The Controllable Generation Group has long been engaged in research related to the generation of large language models and multimodal models. Currently, the group focuses on researching controllable generation techniques for large models to enhance their output on specific attributes. The group focuses on intervention and guidance of large models, conditional control of multimodal large models, and techniques for locating neurons and activations in large models to control their generation. Representative achievements are as follows:

Large language model steering techniques have attracted widespread attention due to their ability to directly modify output activations without fine-tuning the model. Previous methods often fail to determine whether intervention is needed, accurately estimate intervention strength, and dynamically decide the timing of intervention.

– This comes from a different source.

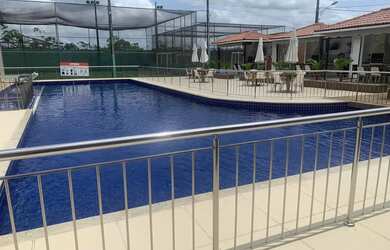 Imagem: A casa possui 4 Dormitórios, 3 Banheiros, 2 Vagas na garagem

To address this, our work proposes a flexible activation steering technique that flexibly determines the strength and timing of intervention by tracking the degree of deviation in generated content at each step of generation. We further propose a backtracking mechanism to guide already deviated content back to the correct direction.

Extracting sentence embeddings from large language models has attracted widespread attention due to requiring no data or fine-tuning. Previous methods typically rely on prompting to elicit the model’s ability to encode sentence embeddings. However, such methods are limited by the unidirectional attention mechanism of large language models and fail to effectively capture the core semantics of sentences. To address this, (1) the research group proposes a token prepending approach to overcome the limitations of the unidirectional attention of large language models. (2) The research group proposes a contrastive prompting approach by introducing auxiliary prompts and inference-time steering to encode the core semantics of sentences.
Zifeng Cheng, Zhonghui Wang, Yuchen Fu, Zhiwei Jiang, Yafeng Yin, Cong Wang, Qing Gu. Contrastive Prompting Enhances Sentence Embeddings in LLMs through Inference-Time Steering, in ACL 2025.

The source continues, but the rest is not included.